# Great Glock Mod



## Rockhound (Sep 28, 2011)

A while ago I purchased a couple of law enforcement trade-in Glocks. One was a G21 and the other was a G17 (both second gen models). These were my first Glocks and I was/am very impressed with them, but that is another story. Both of these glocks had tritium night sights installed, but the tritium was spent and the sights never did glow for me. I use both of the Glocks as range guns, house guns, and would throw one or the other in the luggage when I would go on a road trip (where it is legal to do such things) for safety sake. Well, I have always struggled a little to see the sights (my eyes don't work as good as they use to - sucks getting old) when at the range punching holes in target. I toyed with the idea of replacing the sights, but I didn't want to invest the $100+ to get new tritium sights.
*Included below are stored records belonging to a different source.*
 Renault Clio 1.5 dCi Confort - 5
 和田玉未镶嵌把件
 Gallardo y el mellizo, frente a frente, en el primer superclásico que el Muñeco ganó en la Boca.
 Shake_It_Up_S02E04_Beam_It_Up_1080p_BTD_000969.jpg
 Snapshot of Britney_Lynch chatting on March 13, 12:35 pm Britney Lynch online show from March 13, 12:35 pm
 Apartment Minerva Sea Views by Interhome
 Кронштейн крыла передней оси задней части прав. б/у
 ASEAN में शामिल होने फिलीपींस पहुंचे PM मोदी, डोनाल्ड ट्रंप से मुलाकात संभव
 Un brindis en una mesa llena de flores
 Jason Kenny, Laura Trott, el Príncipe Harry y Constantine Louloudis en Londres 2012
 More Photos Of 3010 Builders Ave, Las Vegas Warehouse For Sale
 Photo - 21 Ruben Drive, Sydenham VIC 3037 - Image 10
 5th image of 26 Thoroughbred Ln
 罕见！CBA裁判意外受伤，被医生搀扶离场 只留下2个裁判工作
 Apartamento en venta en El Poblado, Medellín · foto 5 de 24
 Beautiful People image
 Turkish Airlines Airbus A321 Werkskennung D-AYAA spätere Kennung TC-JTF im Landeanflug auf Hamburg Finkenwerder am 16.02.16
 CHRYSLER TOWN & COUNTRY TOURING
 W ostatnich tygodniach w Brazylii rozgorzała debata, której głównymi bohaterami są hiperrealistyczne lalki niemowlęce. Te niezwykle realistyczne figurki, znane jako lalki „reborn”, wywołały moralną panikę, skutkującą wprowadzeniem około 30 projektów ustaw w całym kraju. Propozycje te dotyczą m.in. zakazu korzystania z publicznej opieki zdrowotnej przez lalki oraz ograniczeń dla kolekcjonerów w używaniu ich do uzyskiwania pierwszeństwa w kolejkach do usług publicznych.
I looked at the various non-tritium options and after-market sights available over about the course of a year. I finally decided on a course of action and pulled the trigger, so to speak. I decided to mod one of my Glocks, the G17. I bought a steel Glock rear sight (it looks like the plastic rear sight that comes standard on a Glock except it is steel) for about $12. I also bought a Hi-VIZ green fiber optic front sight for about $28. Total was about $40 before shipping.

Well, I installed both the front and rear sights on the G17, and what a difference!!! I do not have any problems seeing the sights anymore. Plus, getting the sights on target and lined up is much quicker now. This mod was well worth the $40! I will be doing the same thing to my G21 in the near future.

Just thought I would share.


----------



## jakeleinen1 (Jul 20, 2011)

Cool mod, but a greater Glock Mod.... 33 round mag lol


----------